■ Directions for this task
Output each entry that follows exactly. Images stay out.

■ Data section
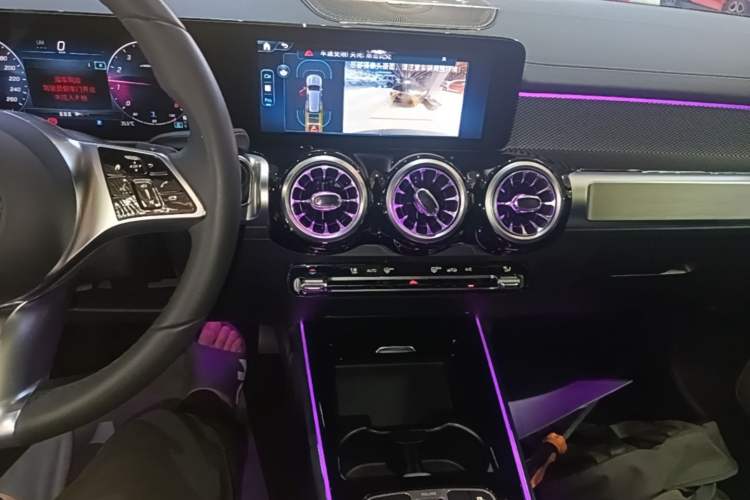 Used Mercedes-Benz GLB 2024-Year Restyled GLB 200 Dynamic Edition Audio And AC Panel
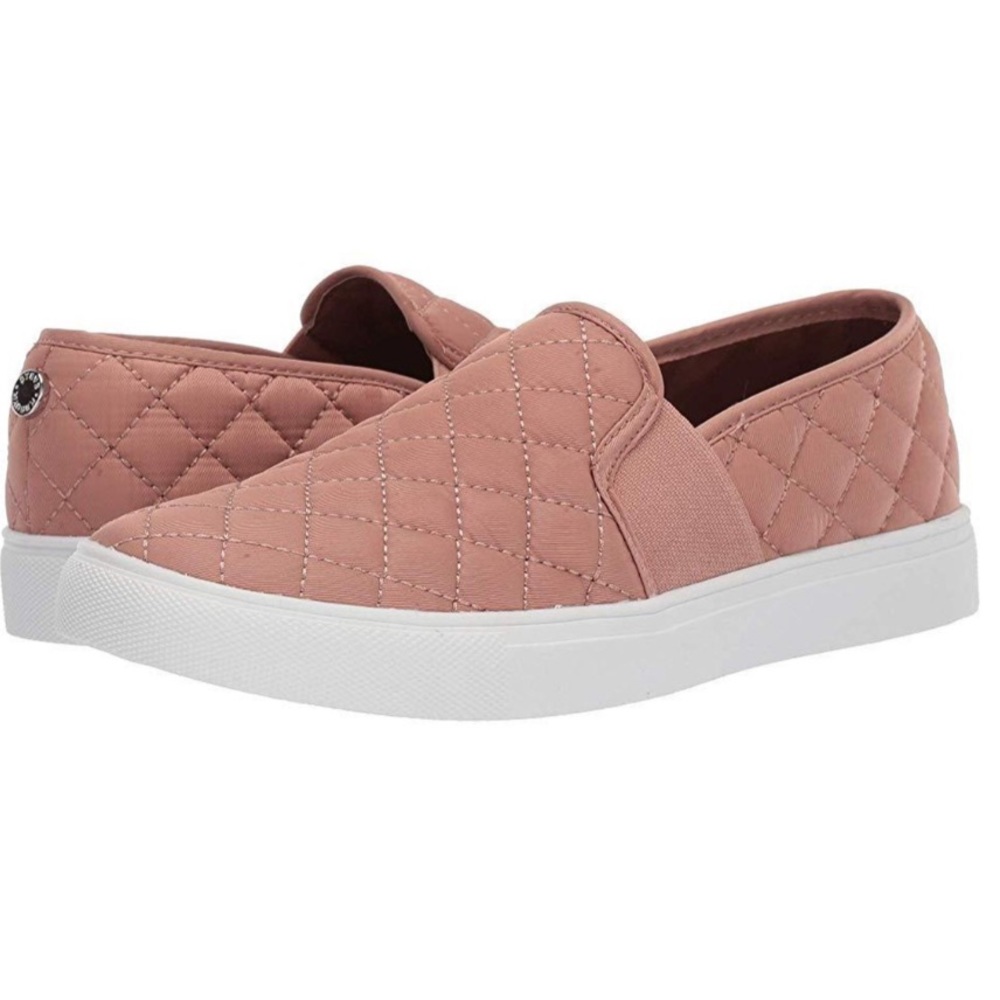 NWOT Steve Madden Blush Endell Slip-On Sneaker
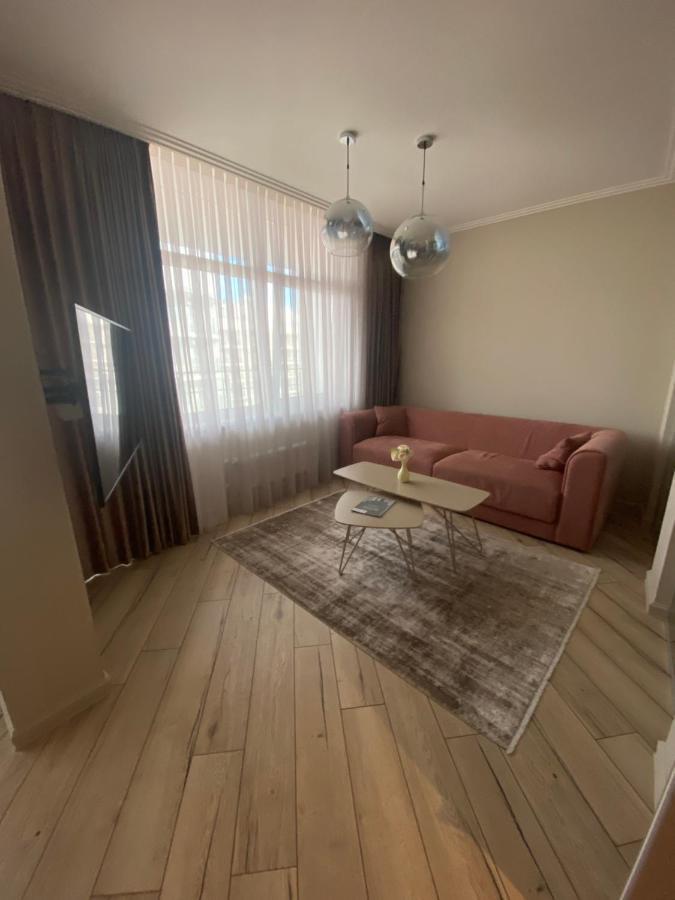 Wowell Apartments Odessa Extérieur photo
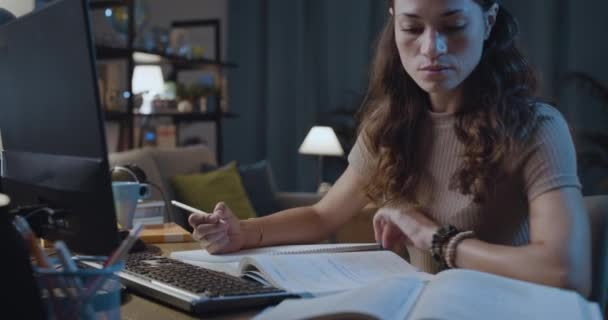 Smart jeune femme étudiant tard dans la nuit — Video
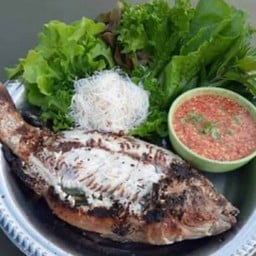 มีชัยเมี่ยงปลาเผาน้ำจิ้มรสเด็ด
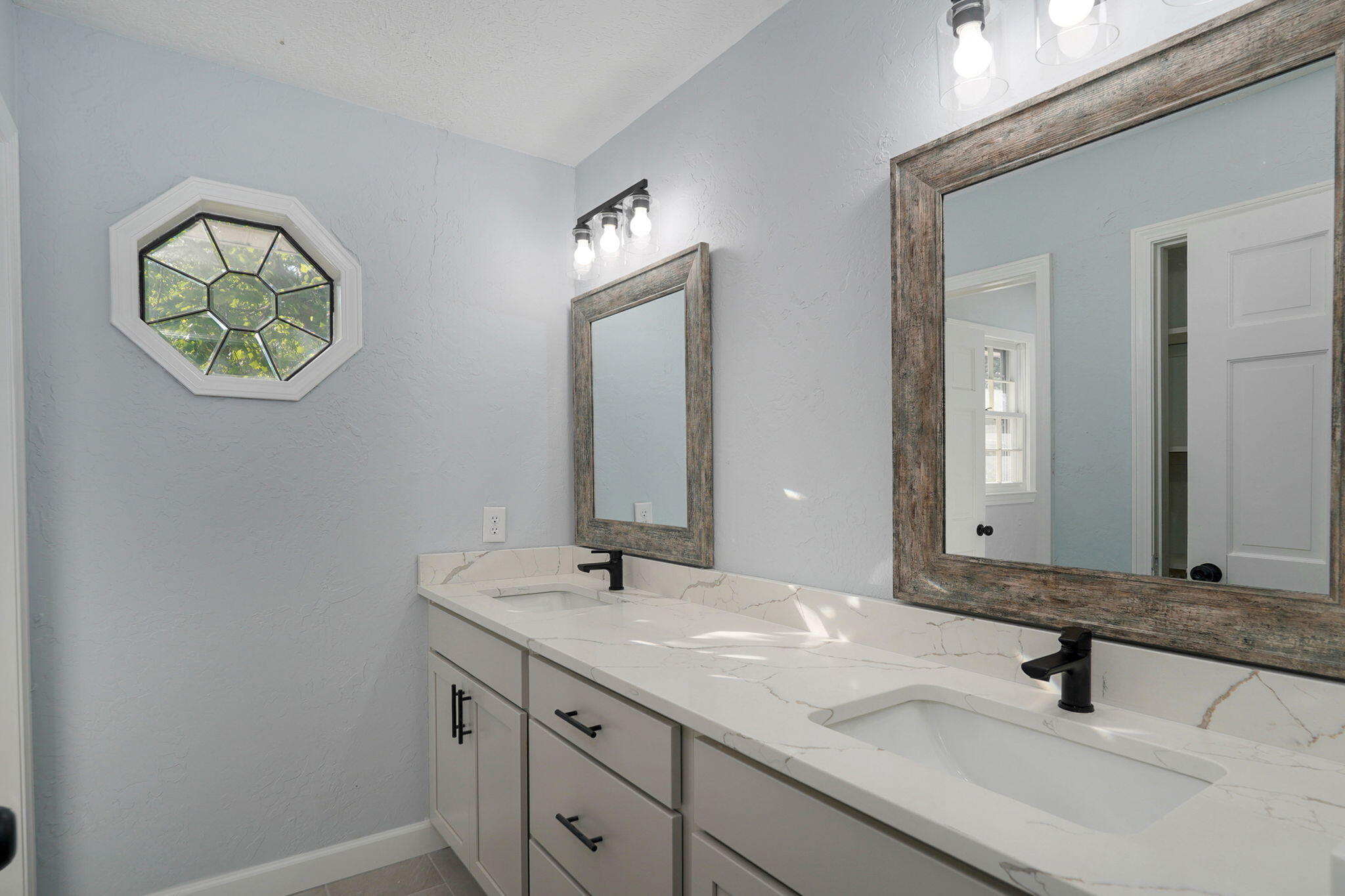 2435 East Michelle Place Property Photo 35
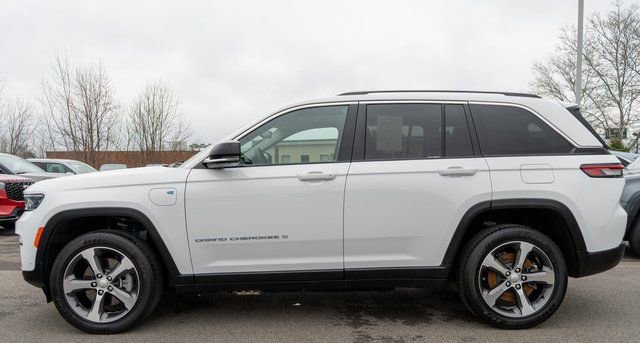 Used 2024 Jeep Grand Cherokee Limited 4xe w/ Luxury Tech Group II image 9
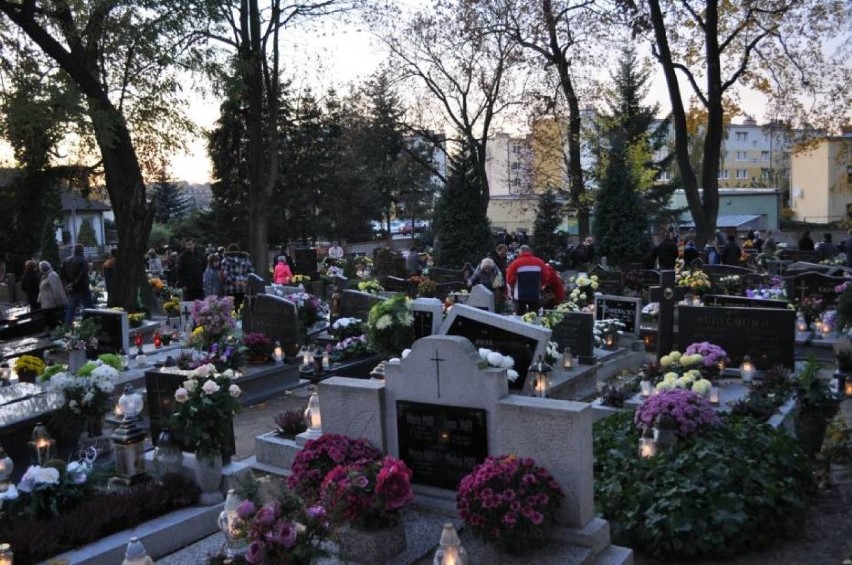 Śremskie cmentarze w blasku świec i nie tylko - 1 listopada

■ Task solution
 Used Mercedes-Benz GLB 2024-Year Restyled GLB 200 Dynamic Edition Audio And AC Panel
 NWOT Steve Madden Blush Endell Slip-On Sneaker
 Wowell Apartments Odessa Extérieur photo
 Smart jeune femme étudiant tard dans la nuit — Video
 มีชัยเมี่ยงปลาเผาน้ำจิ้มรสเด็ด
 2435 East Michelle Place Property Photo 35
 Used 2024 Jeep Grand Cherokee Limited 4xe w/ Luxury Tech Group II image 9
 Śremskie cmentarze w blasku świec i nie tylko - 1 listopada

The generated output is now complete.